As I gained more experience and figured out what resonated with my students, it got easier. I taught my social entrepreneurship class twice to two different groups. I added another class — one of the university’s core entrepreneurship courses, taught in Spanish — and eventually began teaching e-commerce courses at a second university as well. In collaboration with clients in Iquique, in the far north of Chile, I led a series of government-funded entrepreneurship workshops, including one where my parents flew in from Ghana to speak about Silicon Valley.

I’d been juggling all of these projects for about two years when the all-of-the-above approach went from being energizing to unpalatable.

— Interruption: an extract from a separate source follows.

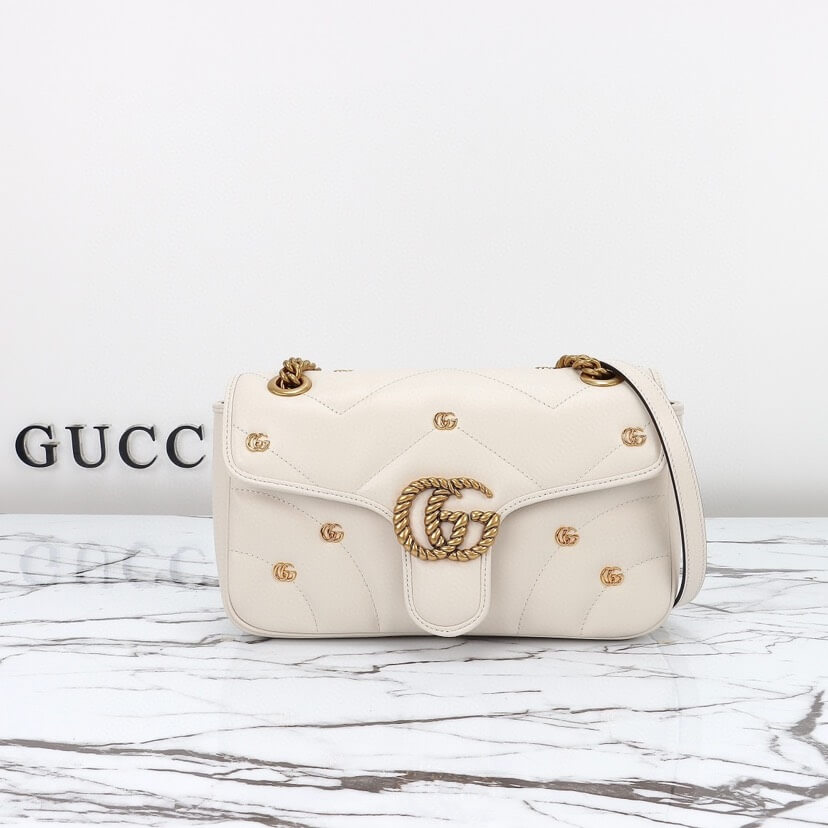 GG MARMONT small shoulder bag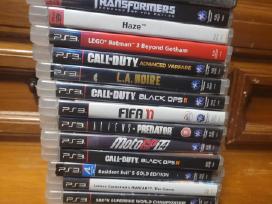 Geri PS3 žaidimai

Surrounded by entrepreneurs, I felt pressure to turn everything I’d been doing into a real company of its own. With a talented team of Chilean designers, I obsessed about transforming my personal blog into a bilingual consultancy. For months I wrote and rewrote in English and Spanish, describing what this company could offer—Interactive Workshops, Collaborative Translation, Dynamic Presentations—and showing it to everyone who would listen, begging for advice and validation.

The designs and redesigns felt wrong, mostly because I was trying to communicate too many things to too many types of people.

And none of those truly reflected what I really wanted to do, what was really keeping me up at night.

Those middle-of-the-night voices usually said the same thing: Me quiero ir. I want to leave.

This desire started off vague and then I began to research options to make it real. More on that in the next installment.

As I look back on three years working in Chile, here are the biggest lessons I’ve taken away from it all:

  1. It’s incredibly helpful to be part of an established program (like Start-Up Chile) that can help you land and get settled in a foreign country.
  2. One of the best decisions I made was to enroll in the design course. I was already fluent in Spanish, but learning about an entirely new topic helped me to take my language skills to the next level. I also met many great friends in this class.
  3. Everyone seems to have advice! And it’s important to be able to filter through it all and make your own decisions. Making radical international moves can be stressful and disorienting, and you’ll always be figuring things out as you go along.